De cavalo para burro

No passado, países como Portugal sempre se sentiram orgulhosos por poder dar lições ao mundo. A que mundo? Bem, ao mundo dos territórios coloniais que lhes pertenciam. Muitos portugueses europeus sentiam-se professores que ensinavam "boas práticas" aos seus alunos, na sua maioria nativos africanos. Quem fez isso durante séculos, sente-se naturalmente superior.
Com a Inglaterra sucedia o mesmo. Correspondência trocada entre ingleses que viveram nas Índias e nas Áfricas denota este facto sem margem para dúvidas. Ora, muitas pessoas da geração que viu os impérios coloniais desmoronarem-se ainda andam por este mundo. A sua cultura é marcadamente diferente da dos jovens de hoje, para quem o império será coisa de livros, de filmes e de histórias contadas pelos mais velhos.
Presentemente, a conversa é outra, porém: a da globalização. Talvez devido a essa globalização, de numerosos países descolonizados entre 1947 e 1975 irrompem agora casos interessantes: são os antigos alunos que vêm adquirir propriedades na terra dos seus ex-professores.
O orgulho ferido dos antigos colonizadores foi amenizado nos primeiros tempos pós-descolonização através da criação ou re-criação de anedotas que ridicularizavam os novos chefes de Estado ou o próprio povo. Os ingleses parodiaram a língua inglesa falada pelos seus ex-súbditos indianos agora independentes, puseram a ridículo através de frases colocadas na boca de chefes africanos a estupidez personificada desses chefes. Esta é sempre a expressão da dor-de-cotovelo que se sente por se ter já perdido o poder de outrora. O mesmo fizeram os portugueses com Samora Machel e com o povo das ruas. Actualmente o número dessas histórias é já muito mais reduzido, tanto na Inglaterra como em Portugal.
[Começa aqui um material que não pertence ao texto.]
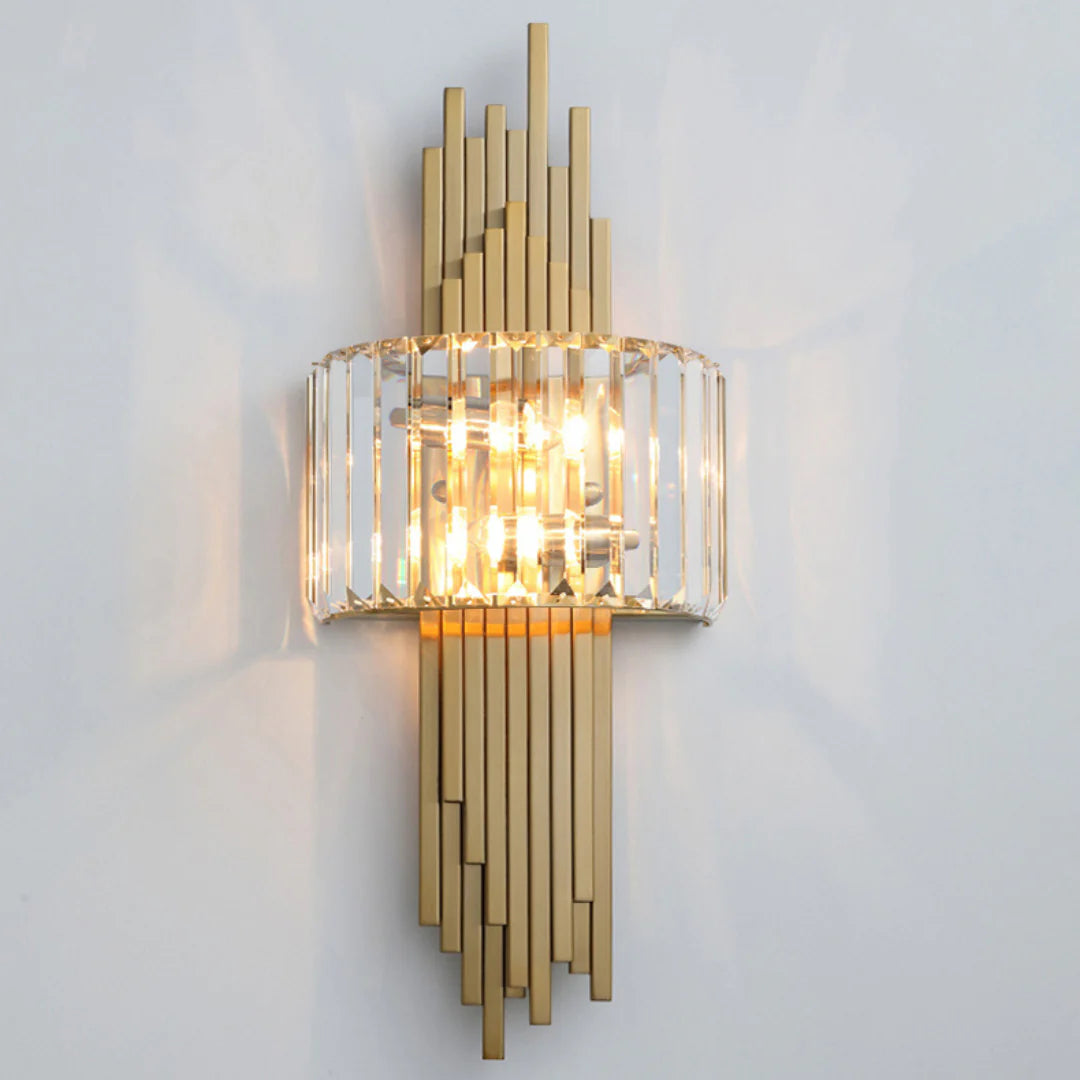 Eudora Crystal Wall Lamp - Nuvé
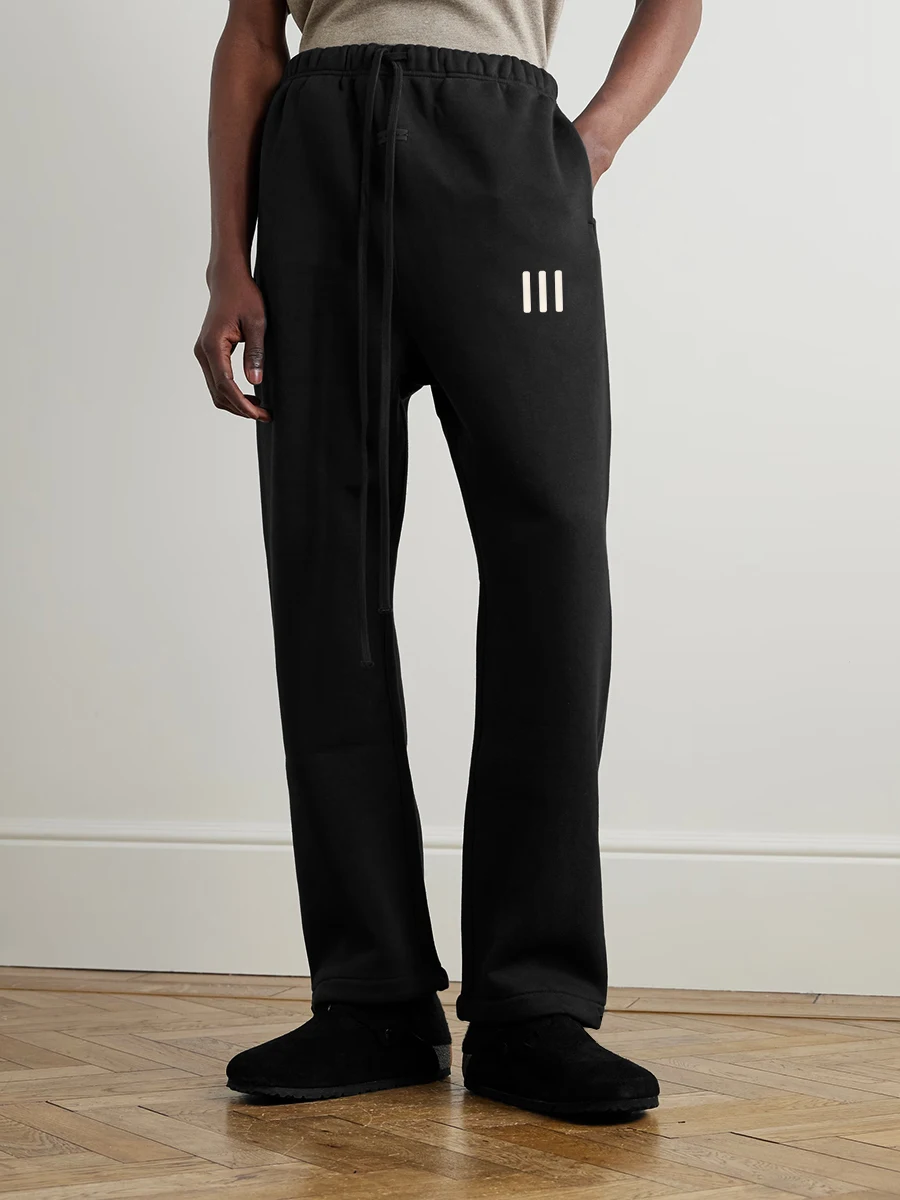 

Новые мужские свободные прямые спортивные брюки FOG MIKI ESSENTIALS 2025 года, осенне-зимние повседневные удобные хлопковые штаны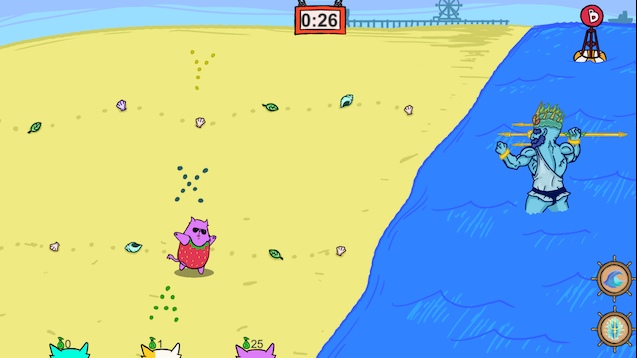 Whiskered Away screenshot 1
A música agora é diferente! Aos poucos, chega algo como o reverso da medalha. Os indianos do grupo Tata compraram há oito anos a mais famosa marca de chás do mundo, inglesa - a Tetley - e recentemente a Jaguar e a Land Rover. O espírito branco colonialista dos tempos de Tarzan, o branco que dominava toda a selva e tinha animais amigos por todo o lado, imagina logo mãos mais escuras a montarem carros-de-luva-branca como o Jaguar. É certo que a Jaguar e a Land Rover até já pertenciam à Ford, da também antiga colónia britânica hoje denominada Estados Unidos da América. Bem, mas aí eram brancos e poderosos. Agora, indianos! (Pois sim, mas não são os milhões de indianos pobres que adquiriram estas marcas. O grupo Tata, expoente dos antigos marajás e símbolo das diferenças abissais que existem na Índia entre ricos e pobres, exibe uma facturação que corresponde a 3,2 por cento do Produto Interno Bruto da Índia!)
Os portugueses, por seu lado, também não vêem com bons olhos os angolanos entrarem na GALP e no Millennium. Mas se não os deixarem entrar cá, verão as portas fechadas em Angola para os grandes negócios. Logo…
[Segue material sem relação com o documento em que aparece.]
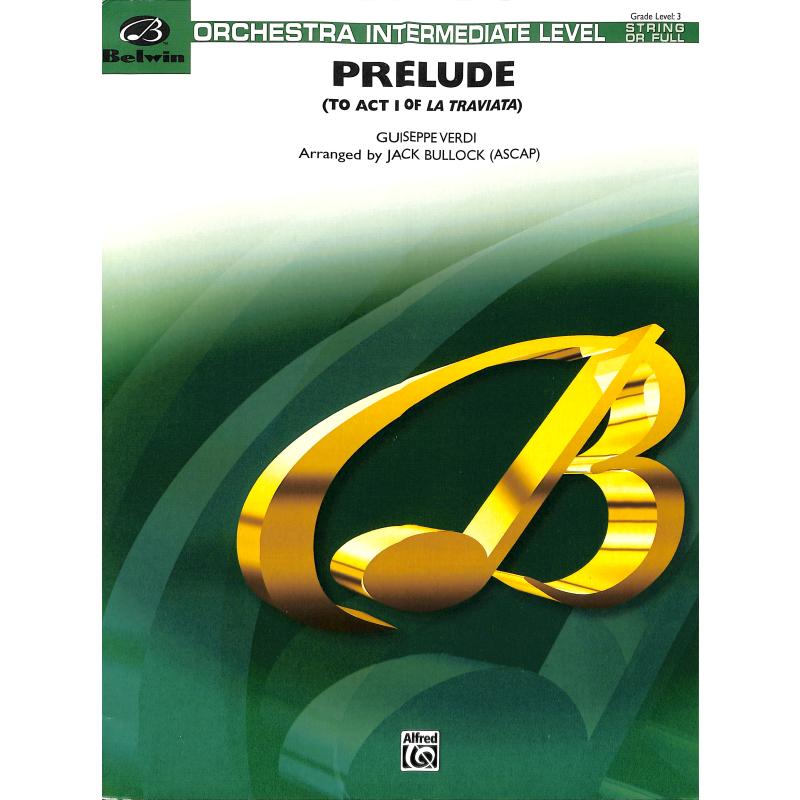 Titelbild für ALF 25021 - Prelude (aus La Traviata)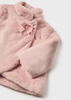 Mayoral Baby 2415-012 Kożuszek dla niemowlęcia Rosado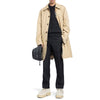 Burberry Reversible Gabardine Car Coat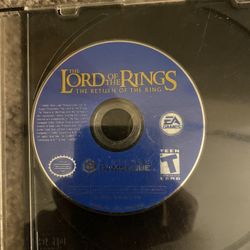 Lord Of The Rings Return Of The King Gamecube 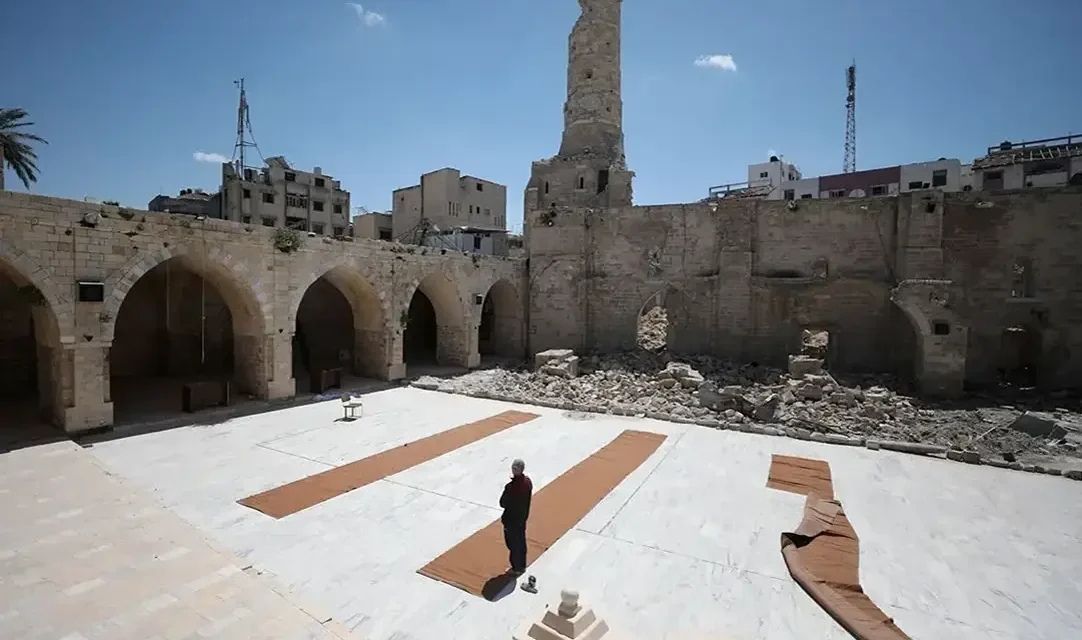 Velika Omerova džamija u Gazi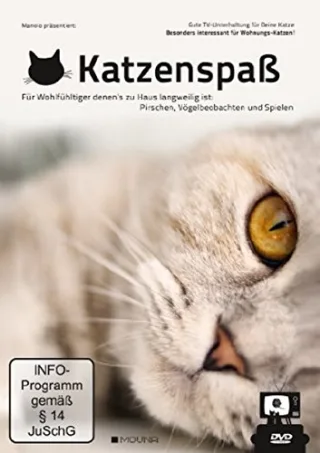 Katzenspaß: Gute TV-Unterhaltung für Deine Katze [DVD] [2010]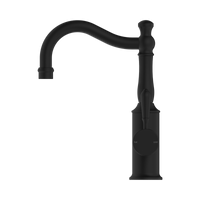 York Basin Mixer Hook Spout With Metal Lever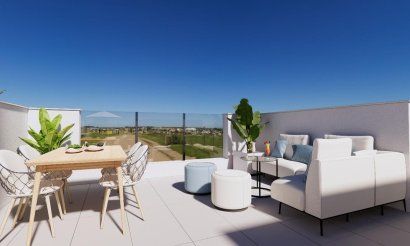 Nouvelle construction - Town House - Los Alcazares - Serena Golf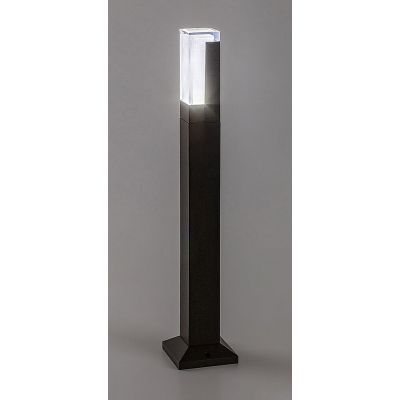 Rabalux Darvas lampa stojąca zewnętrzna 1x7 W czarna 77128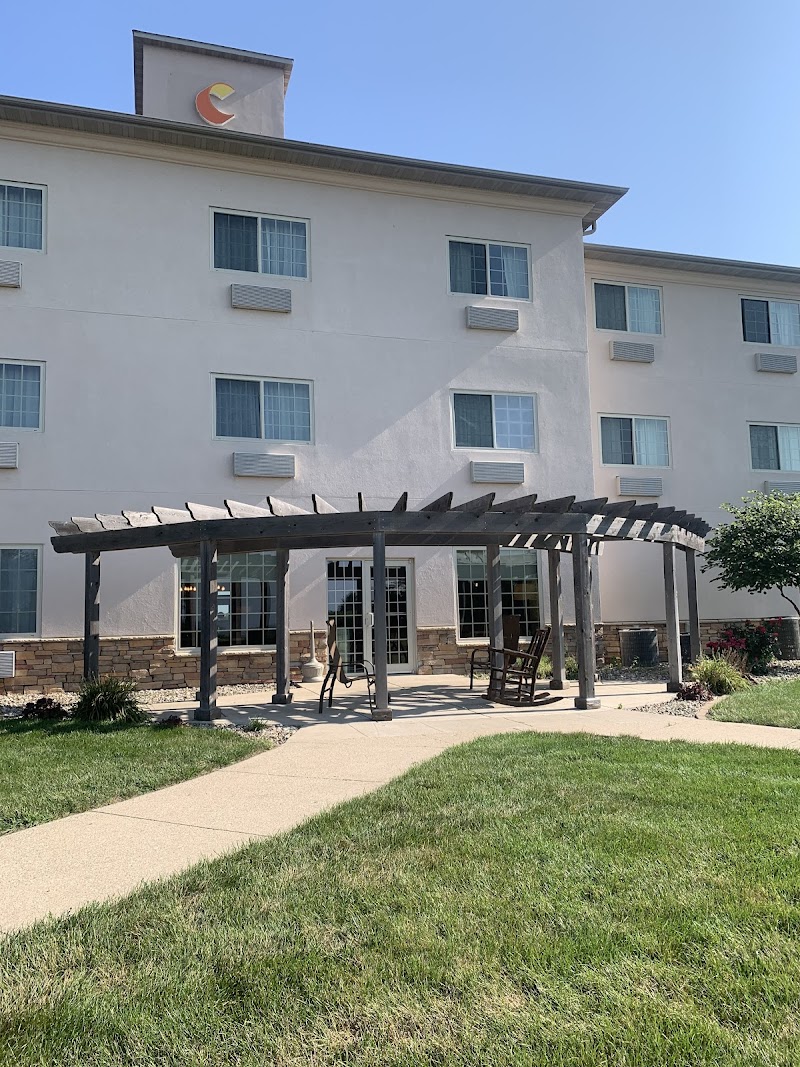 Comfort Suites Burlington in Burlington, Iowa, United States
Se o cenário de antigas colónias a dominar ou mesmo a adquirir totalmente empresas da antiga mãe-pátria já custa, imagine-se a relutância que interiormente muitos nacionais de países como Portugal sentem quando é a ortografia de uma antiga-colónia - o Brasil - que se pretende venha a influenciar maioritariamente alterações ortográficas de fundo na língua portuguesa! Todas estas coisas estão relacionadas, quer queiramos, quer não!